H. Rief, H. Kschwendt
Nuclear Science and Engineering | Volume 30 | Number 3 | December 1967 | Pages 395-418
Technical Paper | doi.org/10.13182/NSE67-A18401
Articles are hosted by Taylor and Francis Online.
A detailed Monte Carlo analysis in one, two, and three dimensions and with different multigroup scattering kernels is presented for a number of actual reactor systems. Several variance reducing sampling techniques, which we believe to be unusual, are employed and, in addition to the prediction of reactivity, much emphasis is placed on generation time calculations with reference to the “life cycle” point of view. One of the main points of interest in the numerical results obtained is the comparison of the reactivity and time eigenvalues with those obtained from the equivalent SN and jN calculations. The excellent agreement with these two methods establishes the necessary confidence in the Monte Carlo procedure described here. As a further illustration of the method, it was thought to be of interest to compare the numerical results obtained from different scattering kernels (transport approximation, linear anisotropy, and exact anisotropy) with a view to assessing the influence of these different approximations on the reactivity, absorption, leakage, generation time, etc. Simultaneously, an examination of two different Monte Carlo sampling techniques is presented.

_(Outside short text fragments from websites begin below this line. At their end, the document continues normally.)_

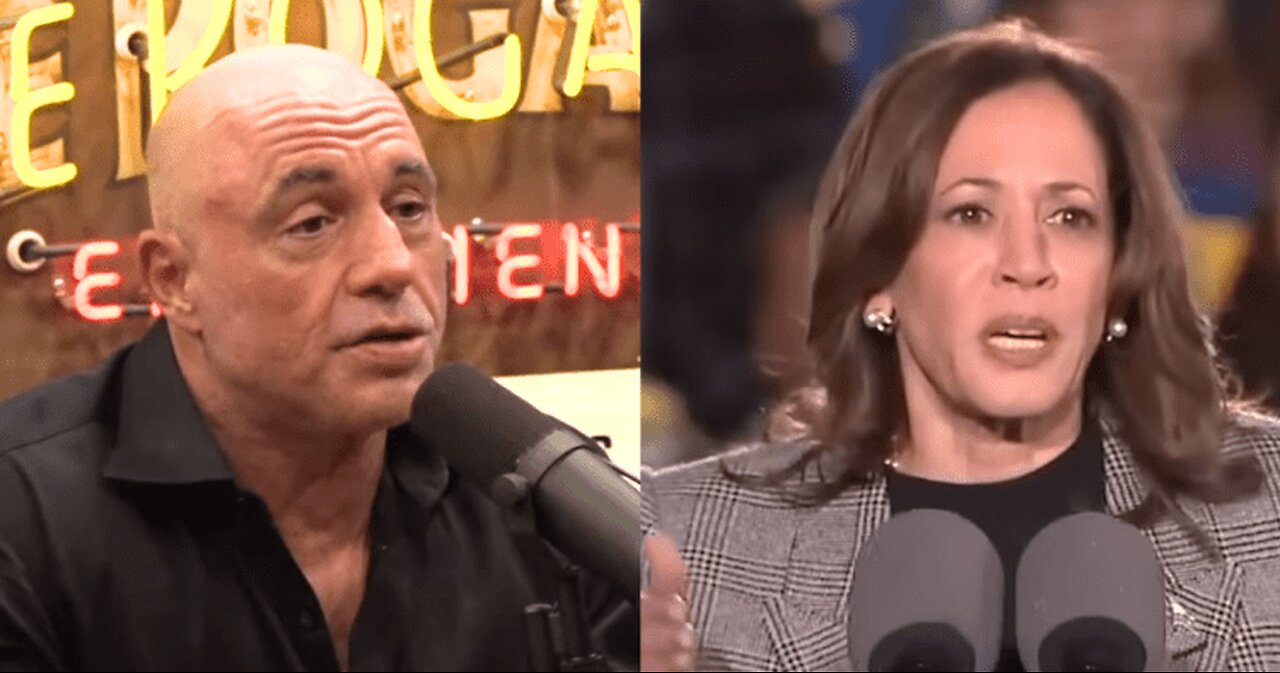 Joe Rogan Reveals That Harris Campaign Made Several Odd Demands for Potential Interview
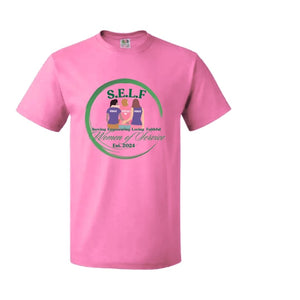 S.E.L.F Women of Service Tee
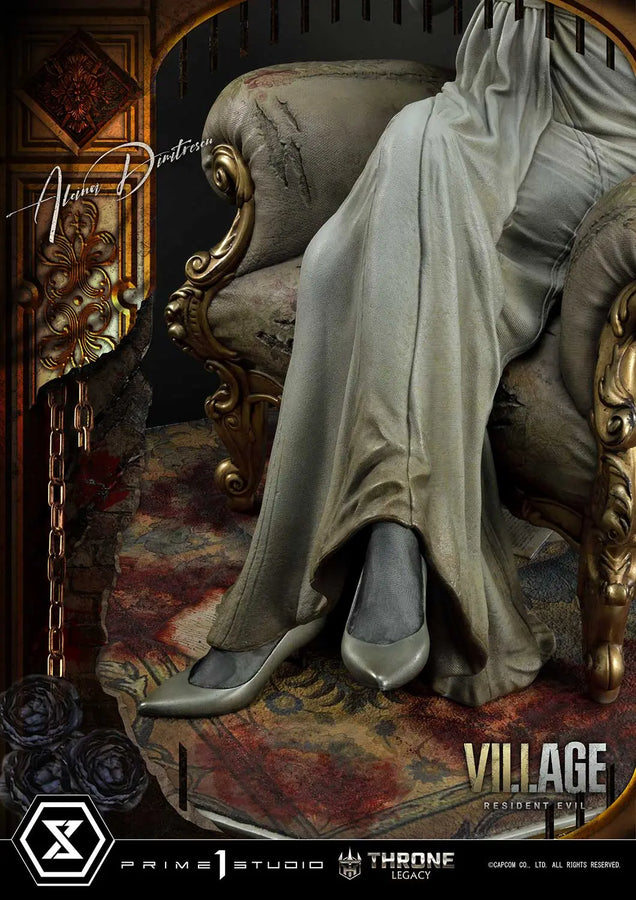 Alcina Dimitrescu (Deluxe Version) Resident Evil Village – Prime1Studio – ActionFigure Brasil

To apply a physical test to the method, some highly enriched uranium spheres, some cylinders of extreme geometry reflected by a variety of materials, and some cylindrical annuli were analyzed and the results compared with experiments. In addition, some systems requiring the full use of the three-dimensional scope of the method are studied. The efficiency of the Monte Carlo procedure is finally illustrated by listing, for several calculations, the probable errors in the reactor eigenvalues and other parameters after 10 min of IBM-7090 computer time. This analysis proves that statistical methods can be used to carry out threedimensional assessments of reactor assemblies with sufficient accuracy without the expenditure of a prohibitive amount of computer time. Such a goal has not yet been achieved by the numerical or analytical methods which solve the neutron transport equation.